De son côté, la CGB demande à l’exécutif de prendre des « mesures drastiques de sauvegarde pour éviter un effondrement la filière betterave-sucre-éthanol », suggérant « un dispositif d’indemnisation des pertes causées par la jaunisse ».

La « faute d’encadrement » de l’article 2

Cependant, ces deux organisations, tout comme la FNSEA, attendent surtout de l’exécutif qu’il remette le dossier acétamipride sur le métier. Non sans quelque espoir de passer sous les fourches caudines du Conseil constitutionnel. Si ce dernier a rejeté l’article 2 au motif qu’il était contraire à Charte de l'environnement, laquelle a valeur constitutionnelle depuis le 1er mars 2005, affirmant notamment « le droit de vivre dans un environnement équilibré et respectueux de la santé » ainsi que le « devoir de prendre part à la préservation et à l'amélioration de l'environnement », les Sages ont aussi pointé la « faute d’encadrement » du texte.

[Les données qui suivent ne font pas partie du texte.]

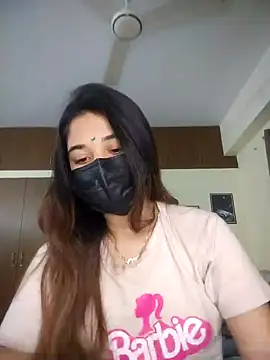 midnightmuse-03 online show from 02/19/26, 06:16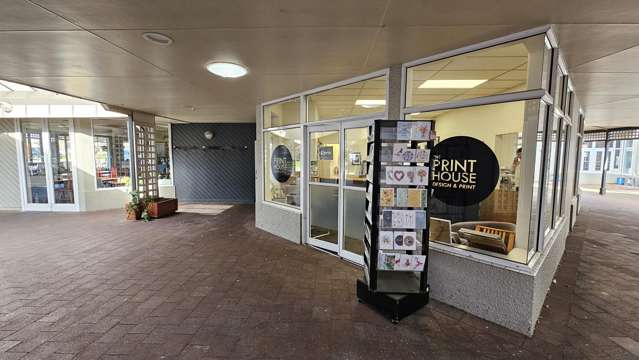 Shop 16/10 Napier Road Havelock North_4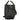 Valentino Bags Alexia - Handtasche 35 cm (nero) - Bild 3
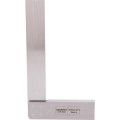 Kątownik warsztatowy 150mm 6" hartowany Kennedy KEN5184660K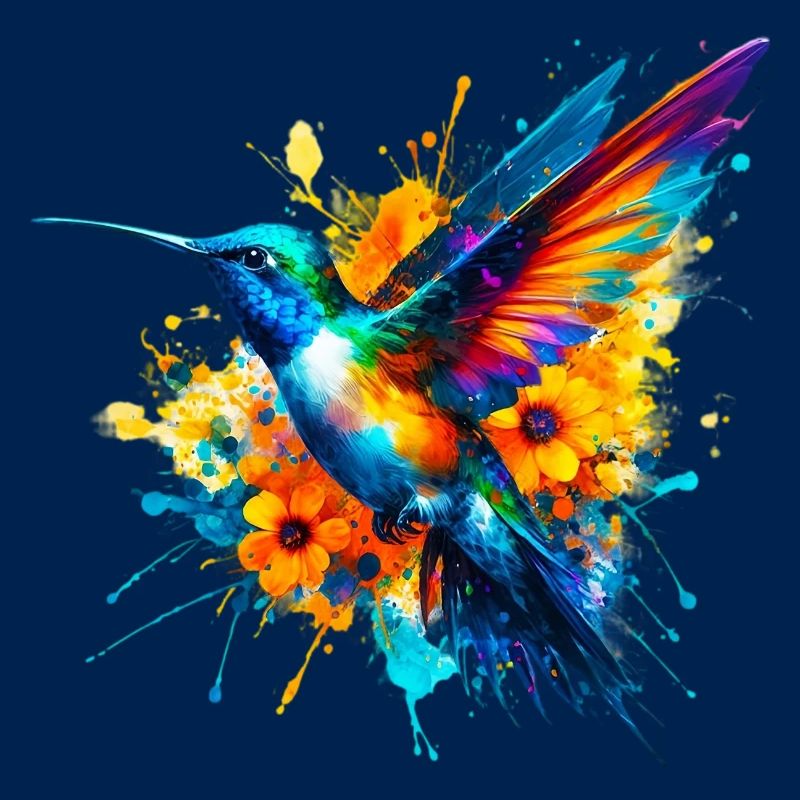 Colibri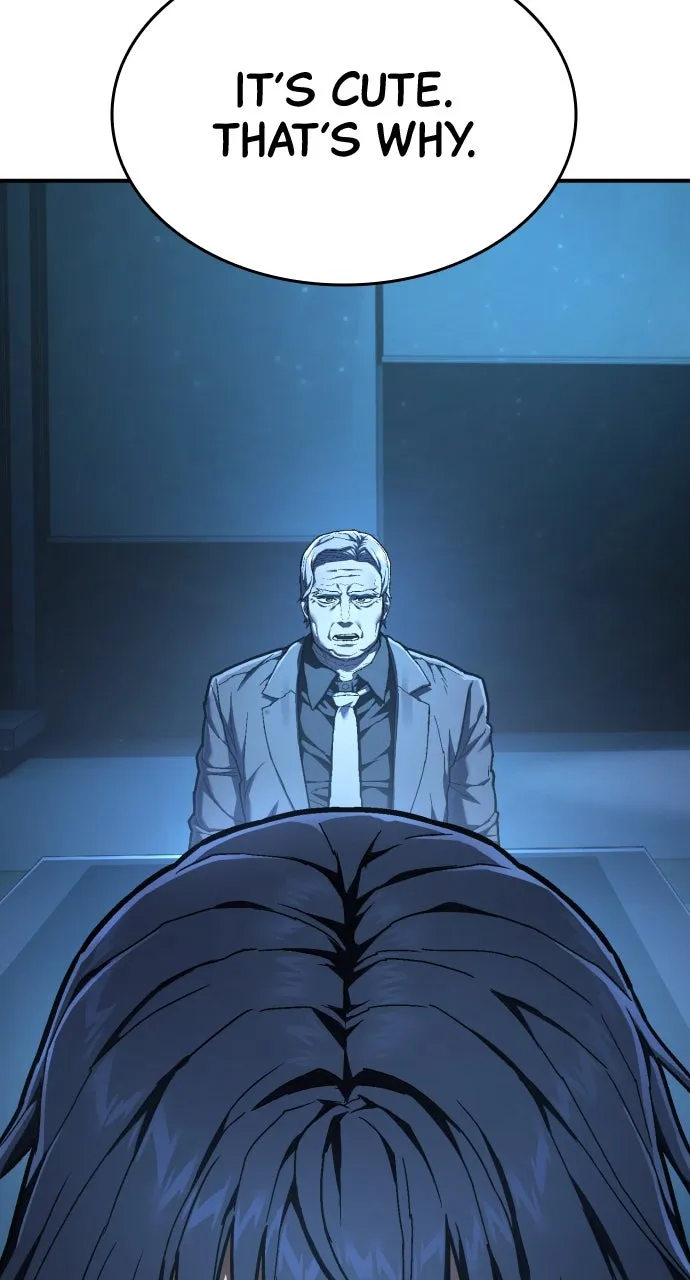 The Executioner Chapter 43 page 59 -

Le précédent du Cruiser SB et du Gaucho 600 FS en 2021 et 2022

L’article 2 avait en effet le tort de ne pas fixer de limites au champ d’application de l’insecticide, ni dans la durée ni dans ses usages, et d’être dénué de mesures d'évaluation de ses effets nocifs et des moyens permettant de les atténuer.

Le Conseil constitutionnel n’avait rien trouvé à redire à la loi 2020-1578 du 14 décembre 2020 et à l’arrêté du 5 février 2021 entérinant la réautorisation pour les betteraves sucrières des traitements de semences à base d’imidaclopride (Gaucho 600 FS) et de thiaméthoxam (Cruiser SB), pour une durée de 120 jours, avant que la Cour de justice de l’UE n’interrompre prématurément la dérogation prévue initialement pour trois campagnes. Le cas serait sans doute différent pour l’acétamipride, dûment autorisé au niveau européen. Le sénateur Laurent Duplomb a estimé que le Conseil constitutionnel « nous donne des éléments pour trouver des solutions pour peut-être réintroduire l'acétamipride ».

De son côté, le ministre de la Santé Yannick Neuder, a appelé à réévaluer « sans délai » au niveau européen l’impact sur la santé humaine de l’acétamipride. En cas d’impact avéré sur la santé humaine, « il faudra naturellement interdire ce produit », a-t-il ajouté, soulignant que le Conseil constitutionnel reconnaît les risques sur la santé humaine mais que le principe de précaution reste cantonné aux questions environnementales.

Le Conseil constitutionnel a rappelé que les néonicotinoïdes « ont des incidences sur la biodiversité, en particulier pour les insectes pollinisateurs et les oiseaux » et « induisent des risques pour la santé humaine ».